People usually prefer to feel good, and usually do not like being blamed or pinpointed for things. And the desire for incident retrospectives is a good one - it is to figure out the reason for the most painful things in the incident, and figuring out how, in the future, something like this can be prevented. The challenge lies in the fact that there are multiple truths. All of the three variants of the conversation above present things which are true, but groups will be motivated to steer towards the “first” variant, where there is no blame, no statement of potential unintended consequences, weakness or fear, and questions which are on many people’s minds get avoided. This first variant is not intrinsically “better” than the rest, and in terms of answering the question about recovery and improving the situation it might provide hints how the organisation could proceed.

But from the perspective of “uncovering the truth” - which, I would concur, is a very noble objective which should not be discarded - you will be getting much more bang for your buck with the “third variant”, where you steer directly into the touchy-feely problems. The issues like the one here very often are issues of dysfunctions within (or between) teams, and they will often be the hardest to address. Fixing them will have an incredible rejuvenating effect as well.

The challenge is twofold: first, 5 is too little. When you are in a situation of extreme stress you do need to be able to get by with “just 5” I imagine, but in a more relaxed case (and we are in this situation mostly - we are just running websites, come on!) - all of the three variants above could be explored and discussed. All of the three variants provide facets of truth, and if a collective is truly mature they will be able to explore more of these facets without becoming defensive or hostile. There are tools for this! Non-violent communication is just one that comes to mind.

It is not a linked list, it is a tree - and doing a good traversal of that tree can, indeed, “uncover” truth that you do want to know - or, often, that is long overdue being put on paper or spoken out in public. This is where emotional safety, trust and vulnerability are paramount. Of course you could say this is a conversation path only those in positions of relative safety and privilege can permit themselves to have.
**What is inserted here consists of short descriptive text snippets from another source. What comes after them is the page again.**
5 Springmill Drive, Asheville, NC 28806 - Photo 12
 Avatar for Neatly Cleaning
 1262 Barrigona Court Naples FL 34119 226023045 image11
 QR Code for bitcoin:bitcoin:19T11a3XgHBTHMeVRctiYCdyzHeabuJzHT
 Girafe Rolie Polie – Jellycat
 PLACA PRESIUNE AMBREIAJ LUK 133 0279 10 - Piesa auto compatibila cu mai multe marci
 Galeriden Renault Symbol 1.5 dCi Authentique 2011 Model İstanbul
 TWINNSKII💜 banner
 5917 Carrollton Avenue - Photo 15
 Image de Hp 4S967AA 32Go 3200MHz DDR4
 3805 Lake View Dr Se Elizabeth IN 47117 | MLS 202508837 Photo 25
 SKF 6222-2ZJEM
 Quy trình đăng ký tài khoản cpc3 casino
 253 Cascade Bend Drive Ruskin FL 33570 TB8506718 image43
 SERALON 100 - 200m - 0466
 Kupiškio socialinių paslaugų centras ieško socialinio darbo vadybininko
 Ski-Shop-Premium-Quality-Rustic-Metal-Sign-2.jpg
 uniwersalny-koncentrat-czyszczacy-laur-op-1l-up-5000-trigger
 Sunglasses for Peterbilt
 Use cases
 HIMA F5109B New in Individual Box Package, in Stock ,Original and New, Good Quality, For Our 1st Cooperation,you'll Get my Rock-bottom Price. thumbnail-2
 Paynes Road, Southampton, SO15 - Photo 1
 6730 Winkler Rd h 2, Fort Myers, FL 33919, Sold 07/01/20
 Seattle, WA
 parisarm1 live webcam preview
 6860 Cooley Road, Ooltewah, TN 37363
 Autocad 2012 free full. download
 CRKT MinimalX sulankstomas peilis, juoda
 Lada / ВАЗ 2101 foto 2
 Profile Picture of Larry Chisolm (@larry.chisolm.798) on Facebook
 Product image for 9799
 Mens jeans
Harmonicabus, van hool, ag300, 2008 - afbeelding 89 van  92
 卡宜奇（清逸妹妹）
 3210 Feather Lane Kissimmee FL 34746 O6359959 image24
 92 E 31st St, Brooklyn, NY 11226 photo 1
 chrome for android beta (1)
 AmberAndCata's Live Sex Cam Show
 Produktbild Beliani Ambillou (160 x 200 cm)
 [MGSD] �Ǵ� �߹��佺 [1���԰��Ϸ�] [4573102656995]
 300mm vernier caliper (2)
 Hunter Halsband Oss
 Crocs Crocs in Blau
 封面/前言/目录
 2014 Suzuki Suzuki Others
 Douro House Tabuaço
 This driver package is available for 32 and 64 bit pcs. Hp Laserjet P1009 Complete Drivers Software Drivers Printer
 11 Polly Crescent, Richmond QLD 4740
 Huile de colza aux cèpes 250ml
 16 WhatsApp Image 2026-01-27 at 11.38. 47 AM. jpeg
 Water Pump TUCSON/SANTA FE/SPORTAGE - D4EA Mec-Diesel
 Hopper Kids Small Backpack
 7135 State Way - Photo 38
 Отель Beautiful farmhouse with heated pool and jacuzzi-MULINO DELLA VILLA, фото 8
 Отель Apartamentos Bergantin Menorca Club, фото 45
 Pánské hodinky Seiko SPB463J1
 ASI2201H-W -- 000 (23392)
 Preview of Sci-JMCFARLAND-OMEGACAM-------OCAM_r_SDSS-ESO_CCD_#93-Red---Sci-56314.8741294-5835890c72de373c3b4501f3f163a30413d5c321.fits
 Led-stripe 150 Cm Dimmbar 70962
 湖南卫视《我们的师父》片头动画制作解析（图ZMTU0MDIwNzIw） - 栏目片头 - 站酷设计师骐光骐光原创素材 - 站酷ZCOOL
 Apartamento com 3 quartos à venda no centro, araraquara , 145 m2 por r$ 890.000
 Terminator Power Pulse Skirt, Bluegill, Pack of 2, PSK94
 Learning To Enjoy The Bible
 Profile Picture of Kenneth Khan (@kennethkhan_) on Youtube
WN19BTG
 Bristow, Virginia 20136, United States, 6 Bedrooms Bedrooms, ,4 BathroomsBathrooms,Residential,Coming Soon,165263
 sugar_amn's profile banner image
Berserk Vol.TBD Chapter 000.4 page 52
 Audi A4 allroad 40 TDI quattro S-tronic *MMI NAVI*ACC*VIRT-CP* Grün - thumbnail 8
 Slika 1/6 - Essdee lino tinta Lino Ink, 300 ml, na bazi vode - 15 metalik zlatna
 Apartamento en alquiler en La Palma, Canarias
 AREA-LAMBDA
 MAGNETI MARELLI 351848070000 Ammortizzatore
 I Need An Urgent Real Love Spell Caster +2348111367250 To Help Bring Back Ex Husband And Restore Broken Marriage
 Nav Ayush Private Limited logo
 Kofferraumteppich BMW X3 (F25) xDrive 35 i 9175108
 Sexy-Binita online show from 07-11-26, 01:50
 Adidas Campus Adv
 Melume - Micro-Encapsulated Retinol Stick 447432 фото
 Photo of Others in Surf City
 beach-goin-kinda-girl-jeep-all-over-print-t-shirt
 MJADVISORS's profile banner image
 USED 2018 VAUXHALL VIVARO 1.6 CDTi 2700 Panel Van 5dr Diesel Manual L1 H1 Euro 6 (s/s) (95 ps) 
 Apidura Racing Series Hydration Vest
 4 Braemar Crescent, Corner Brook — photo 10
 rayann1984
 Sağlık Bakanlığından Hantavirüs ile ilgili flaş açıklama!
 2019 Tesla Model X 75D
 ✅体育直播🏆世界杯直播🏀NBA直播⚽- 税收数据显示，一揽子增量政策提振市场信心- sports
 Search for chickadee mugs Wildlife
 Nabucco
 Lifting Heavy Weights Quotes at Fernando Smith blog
And yet: ponder the idea that you could get to a mode of communication where you could unwind things to the level of “stop short of societal problems at large” instead of “stop short of mentioning anything related to how people behave badly with one another”.

Compare the potential outcomes of this particular session:

If we use the first variant, likely we will decide to “add button to bypass UI tests”. This is a plausible approach, only it introduces its own decision trees later:
- How do we know our UI doesn’t have regressions?
- Who decides which of the builds with skipped UI tests is “good enough”?
- There is still no rollback…
- A likely consequence of the tradeoff will be “We have deployed a version with broken UI to mitigate an unrelated bug”
If we use the last variant:
- We uncover a great risk to the business and we can look for reconciliation or rupture to mitigate that risk
- We can start work on deployment tooling
- We ruin silos teams have worked themselves into
- We likely don’t have to skimp on UI testing because we will be able to roll back to a “known good” version

Only you must be this tall. The very hot, intense “5 Whys” bursts could work - between equal co-founder peers, and in situations of extremely high levels of trust. That is not a luxury afforded to everybody.

Or you should skip the 5 whys alltogether and go for contributing factor analysis instead. In fact, this is the methodology I would recommend most teams of medium size and up.

P.S. As this article was being finished, news finally came in that the industry we must learn from - aviation - is learning its lesson, as Boeing’s chief technical pilot is indicted for fraud. I do not hold my hopes for higher Boeing brass getting actual accountability, but one can dream.